• What to work on:
Repeat the data exactly. Pictures are not part of the copy.

• Extracted information:
Content starts
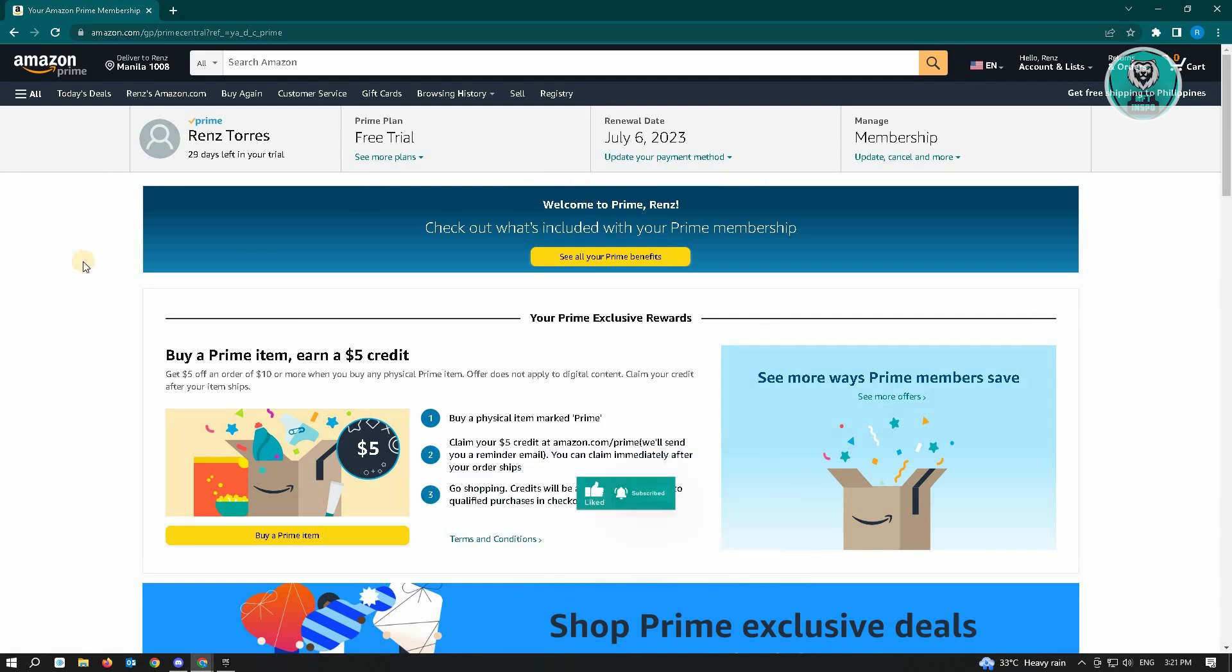If you're not aware, Amazon Prime actually gives us an option to do a free trial. So you have 30 days to actually enjoy Amazon Prime. But if you don't want to incur those costs or you simply want to end your free trial,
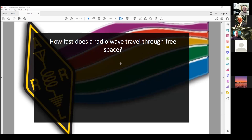How fast does a radio wave travel through free space? You kind of answered it with the formula, because the 300 in the formula is 300 million meters per second — or 186,000 miles per second. That's the one we Americans use. I can't figure out why the US never adopted the metric system.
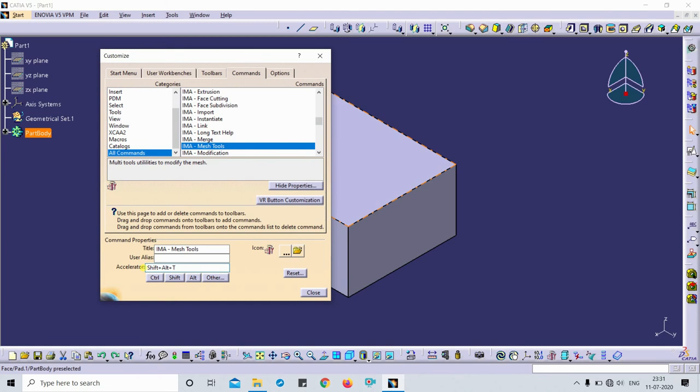So this is how you can activate the acceleration feature. Now you can change it as per your convenience. So that's all about this. Do comment if you have any doubt. Thanks for watching guys, please do subscribe my channel.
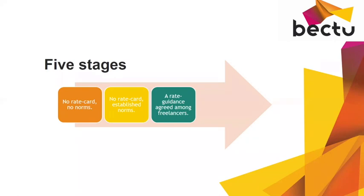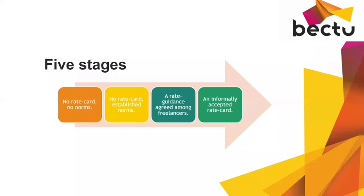The fourth stage is an informally accepted rate card, which is one where you've been sticking together on rates and terms for long enough for it to get to a position where employers or whoever is employing you knows not to phone you or ask you to work for less than that.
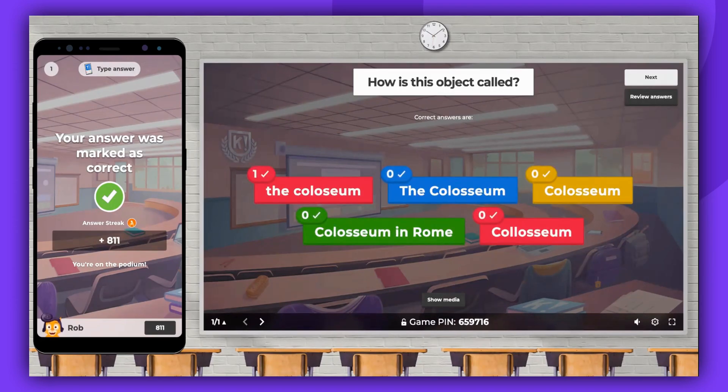Please note, your ability to accept other submitted answers as correct and award points accordingly depends on your plan.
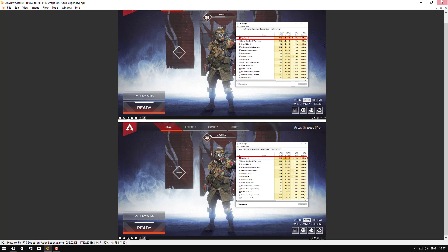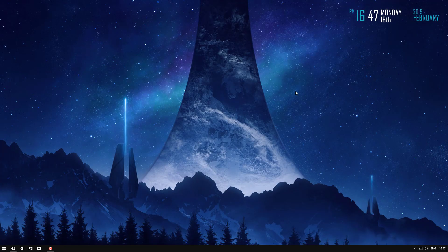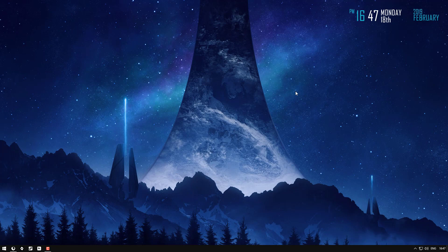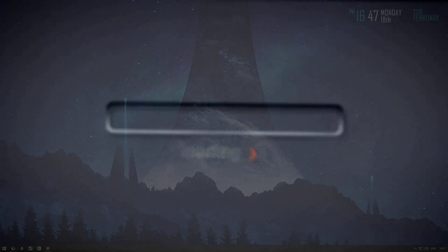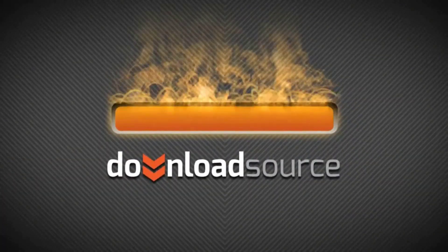Anyway, I hope that's pretty helpful. As usual, thanks for watching and we'll see you next time. DownloadSource.net.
Content ends
• Written answer:
If you're not aware, Amazon Prime actually gives us an option to do a free trial. So you have 30 days to actually enjoy Amazon Prime. But if you don't want to incur those costs or you simply want to end your free trial,
How fast does a radio wave travel through free space? You kind of answered it with the formula, because the 300 in the formula is 300 million meters per second — or 186,000 miles per second. That's the one we Americans use. I can't figure out why the US never adopted the metric system.
So this is how you can activate the acceleration feature. Now you can change it as per your convenience. So that's all about this. Do comment if you have any doubt. Thanks for watching guys, please do subscribe my channel.
The fourth stage is an informally accepted rate card, which is one where you've been sticking together on rates and terms for long enough for it to get to a position where employers or whoever is employing you knows not to phone you or ask you to work for less than that.
Please note, your ability to accept other submitted answers as correct and award points accordingly depends on your plan.
Anyway, I hope that's pretty helpful. As usual, thanks for watching and we'll see you next time. DownloadSource.net.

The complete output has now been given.